The ‘explanation’ tends to be one of these:

  • ‘A friend built my website but he never has time to update it and I don’t like to hassle him.’
  • ‘I did it myself but it took me a long time and I’m not very happy with it.’
  • ‘I have a gallery page on an art site but I don’t know if it’s really working and I can’t really update it very easily.’
  • I use Facebook / Instagram / Flikr / social media platform du-jour
  • ‘I had a site built for me but updates are expensive so I don’t really use it.’
  • I sell on Artfinder so why do I need a website?
  • Or – quite often – ‘I haven’t got a website’.

So let’s consider some of the reasons why it’s essential for people like us to have our own websites. And to keep them fresh and up to date!

Make it easy for your customers to find you and your work

Your future customers are searching for information about art. Some of them are looking for work that’s like yours. Some of them may even be Googling for you, your work, and for ways to buy from you. Let’s make that as simple and rewarding as possible. Whether they already know about you or not, your objective is to make it possible for them to find you!

The cost of having a basic website is probably about the same as doing 1 or 2 shows or craft fairs. And your website is open for business 24 hours a day, 365 days a year…
Even plumbers have websites these days; you’re a creative visual person – what you do needs to be seen much more than a plumber’s work!

Reach your customers yourself

When you have a website you’re proud of, you can use it as the reference point for your newsletters, update emails, social media activity….and so on. Emails and social media posts can link back to pages, or specific pieces on your site, or to your ‘events’ page instead of going nowhere.
This is far preferable to sending word docs, PDFs or images as attachments to your database. Nowadays attachments are highly likely to get trapped in your recipients’ spam filters. You can easily produce visually rich emails that do justice to your reputation as a creative person!
Services like Mailchimp (which we use for Vitreus Art’s newsletters and I use for newsletters for clients) make managing your circulation list and creating and sending your emails very easy and professional-looking.

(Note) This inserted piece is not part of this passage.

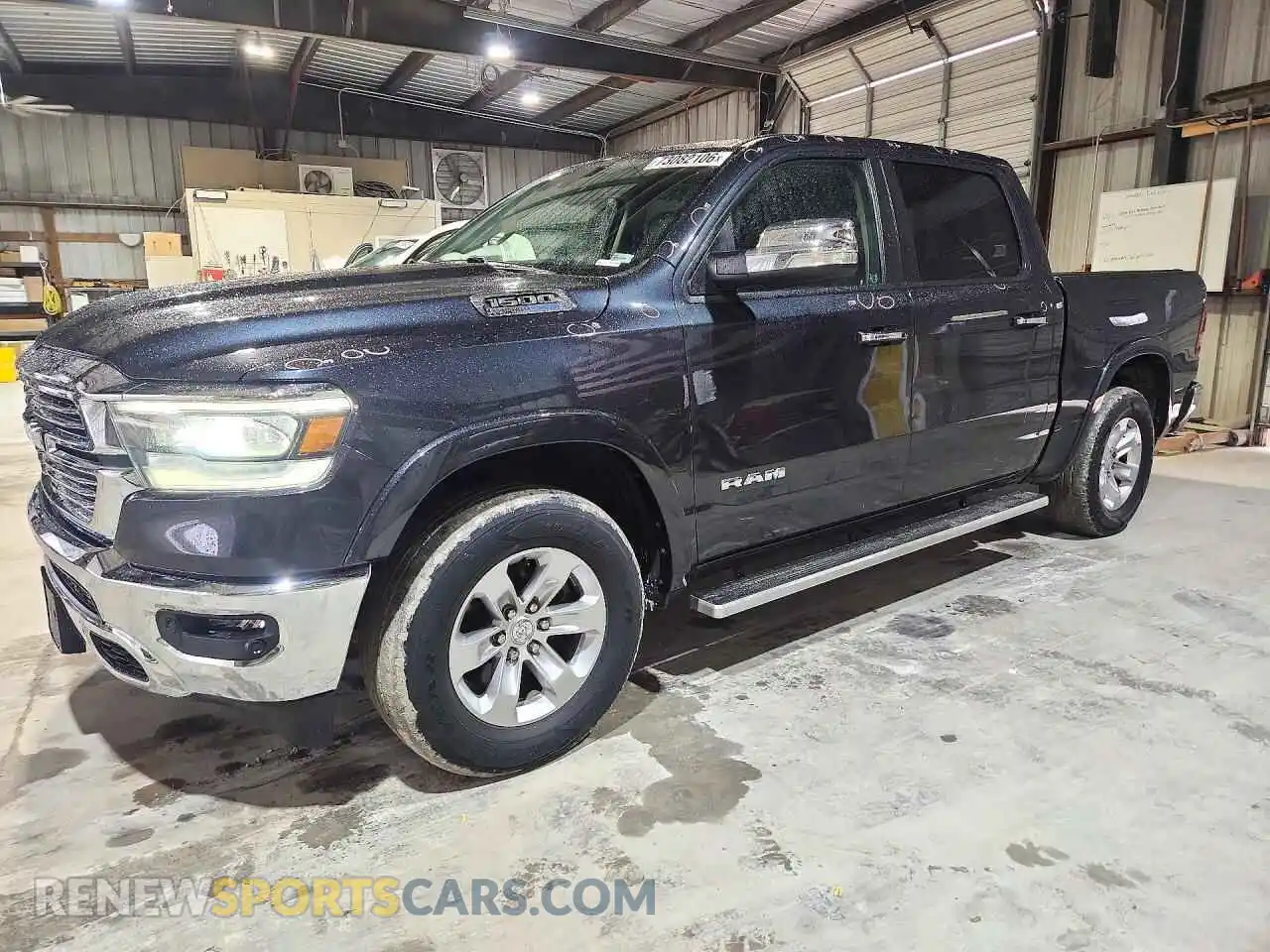 1 Photograph of a damaged car 1C6SRFJT7MN793713 RAM 1500 2021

In our world, once someone has bought from you, they’ll probably buy again.
Provided they can find you, and you continue to nurture the relationship!

Build your reputation – aka your artist brand

Your website is a great place for showing off your design skills and your artistic ability. It’s where you get to show how your work is the result of years of experience and dedication; you can sell the unique aspects of your work; you can emphasise the hand-made nature of what you do. Use your site to ‘sell’ the value and uniqueness of what you do, helping to distinguish you from the far-off factories that churn out cheap alternatives and the charlatans who cut corners!

We know plenty of gallery owners who won’t consider artists and craftspeople who don’t have a website. It’s an indication of the seriousness with which you take your work.

Sell your art online directly

It’s a long time since ecommerce was the preserve of established businesses, who paid web developers to have their own bespoke ‘e-commerce engine’. With the advent of PayPal, and simple ‘self administer’ shopping carts, you can have a highly-secure website shopping and payments facility at little cost and minimal hassle. If you elect to use PayPal no special technical know-how is required – just your time and a bit of organisation.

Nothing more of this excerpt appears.